• _Information provided_

▬▬▬▬▬▬▬▬▬▬

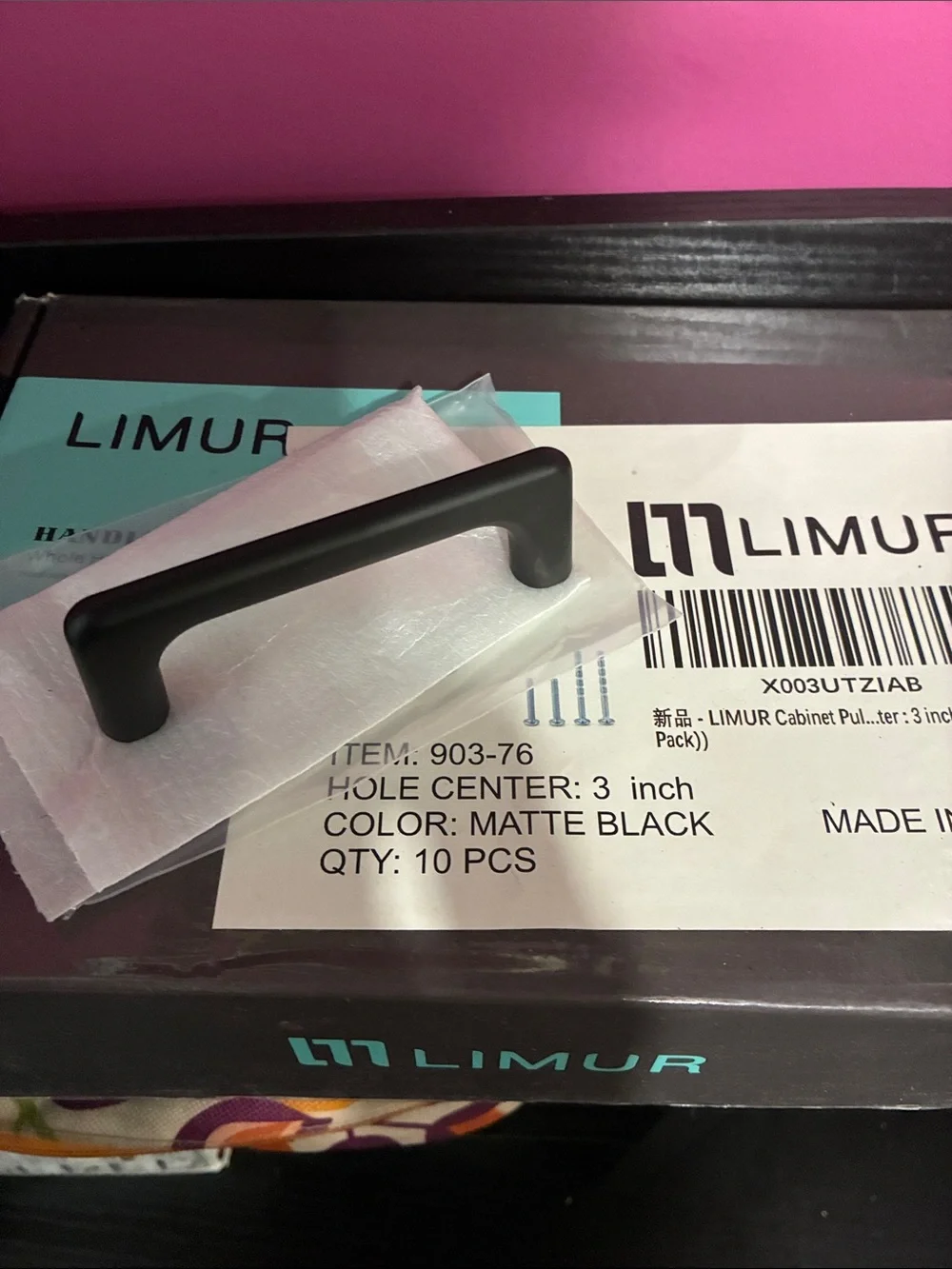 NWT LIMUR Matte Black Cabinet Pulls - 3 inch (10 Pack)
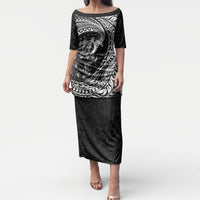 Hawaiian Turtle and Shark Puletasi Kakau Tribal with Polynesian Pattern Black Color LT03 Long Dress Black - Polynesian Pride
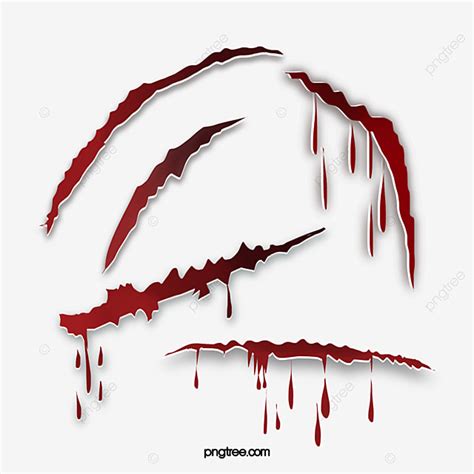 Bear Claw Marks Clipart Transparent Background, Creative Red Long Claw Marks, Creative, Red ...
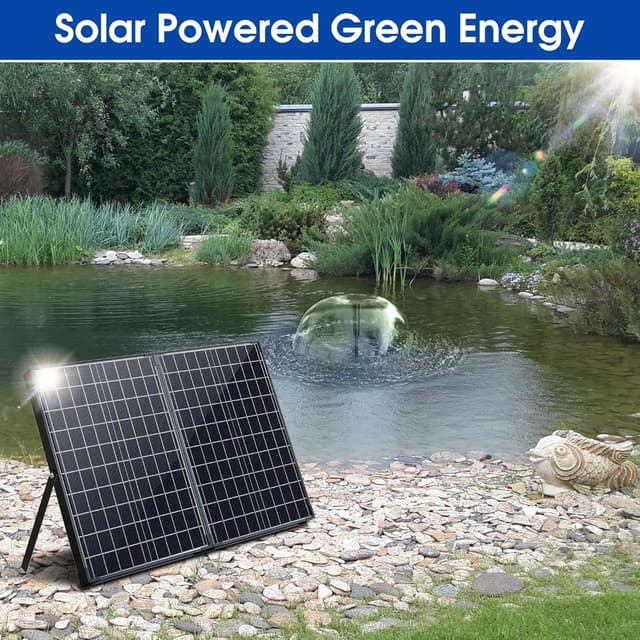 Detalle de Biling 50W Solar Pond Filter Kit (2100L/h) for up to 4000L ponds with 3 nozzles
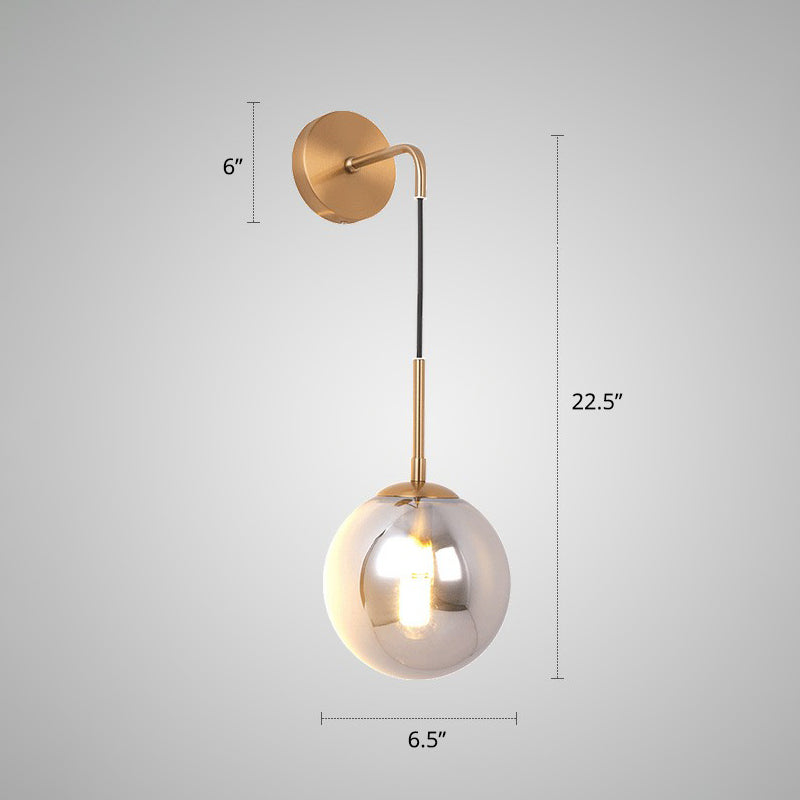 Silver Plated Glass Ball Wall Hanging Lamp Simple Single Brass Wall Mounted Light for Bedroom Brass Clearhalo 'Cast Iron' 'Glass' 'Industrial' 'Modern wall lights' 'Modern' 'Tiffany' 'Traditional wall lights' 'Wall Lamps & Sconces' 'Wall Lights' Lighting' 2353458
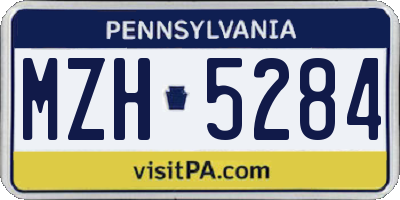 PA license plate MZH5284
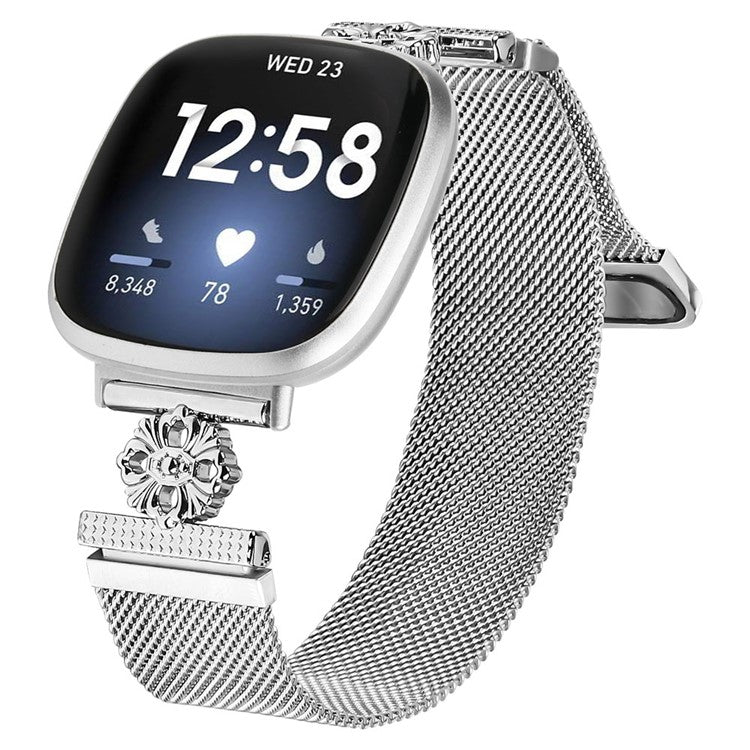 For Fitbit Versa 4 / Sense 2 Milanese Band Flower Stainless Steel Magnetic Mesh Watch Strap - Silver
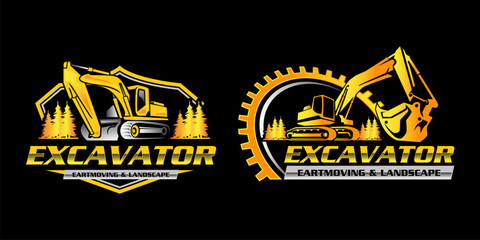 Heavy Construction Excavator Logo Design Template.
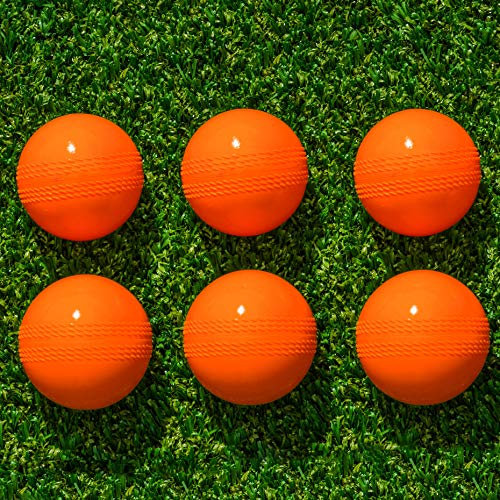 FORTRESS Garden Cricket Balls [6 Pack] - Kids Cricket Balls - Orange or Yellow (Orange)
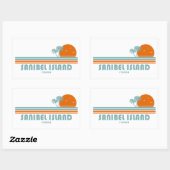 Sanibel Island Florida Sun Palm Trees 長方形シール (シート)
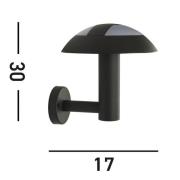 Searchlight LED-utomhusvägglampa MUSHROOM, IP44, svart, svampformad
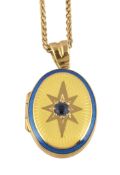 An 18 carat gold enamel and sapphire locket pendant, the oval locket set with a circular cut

▬▬▬▬▬▬▬▬▬▬

• _Exercise details_
Word for word, give again the lines from the line holding "Heavy Construction Excavator" through the last line of the material, both included; pictures are not part of the copy.

• _Answer to the exercise_
 Heavy Construction Excavator Logo Design Template.
 FORTRESS Garden Cricket Balls [6 Pack] - Kids Cricket Balls - Orange or Yellow (Orange)
 Sanibel Island Florida Sun Palm Trees 長方形シール (シート)
 Searchlight LED-utomhusvägglampa MUSHROOM, IP44, svart, svampformad
 An 18 carat gold enamel and sapphire locket pendant, the oval locket set with a circular cut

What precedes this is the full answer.